▶ _Exercise prompt_
Transcription, pictures excluded: write out the data below exactly.

▶ _Exercise data_
┌──

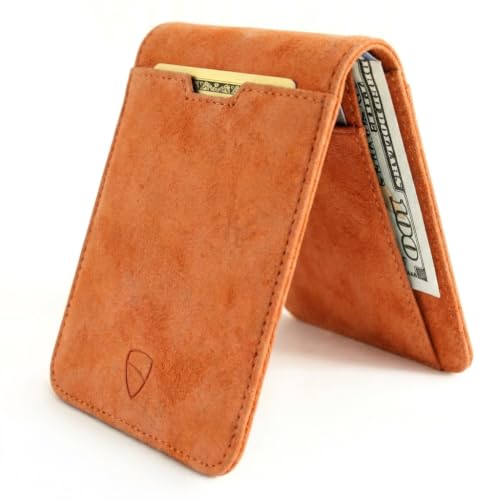 Image of Vaultskin MANHATTAN Slim RFID Blocking Bifold Leather Wallet for Men - Men's Leather Wallet, Front Pocket Minimalist Card Holder, Holds 9 Cards and Cash, Premium Italian Leather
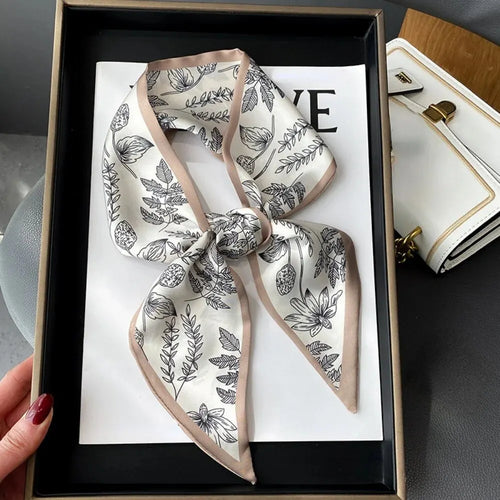 Fashion Print Hair Ribbon Scarf Women Neck Tie Bag Silk Skinny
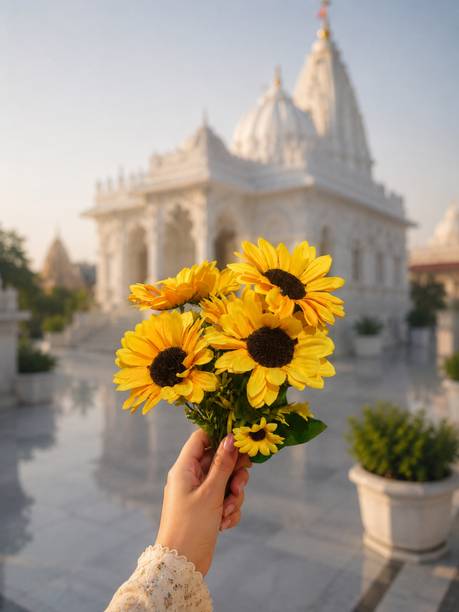 Regenn Artificial Yellow Sunflower Bouquet | Bonsai Artificial Plant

└──

▶ _Written response_
 Image of Vaultskin MANHATTAN Slim RFID Blocking Bifold Leather Wallet for Men - Men's Leather Wallet, Front Pocket Minimalist Card Holder, Holds 9 Cards and Cash, Premium Italian Leather
 Fashion Print Hair Ribbon Scarf Women Neck Tie Bag Silk Skinny
 Regenn Artificial Yellow Sunflower Bouquet | Bonsai Artificial Plant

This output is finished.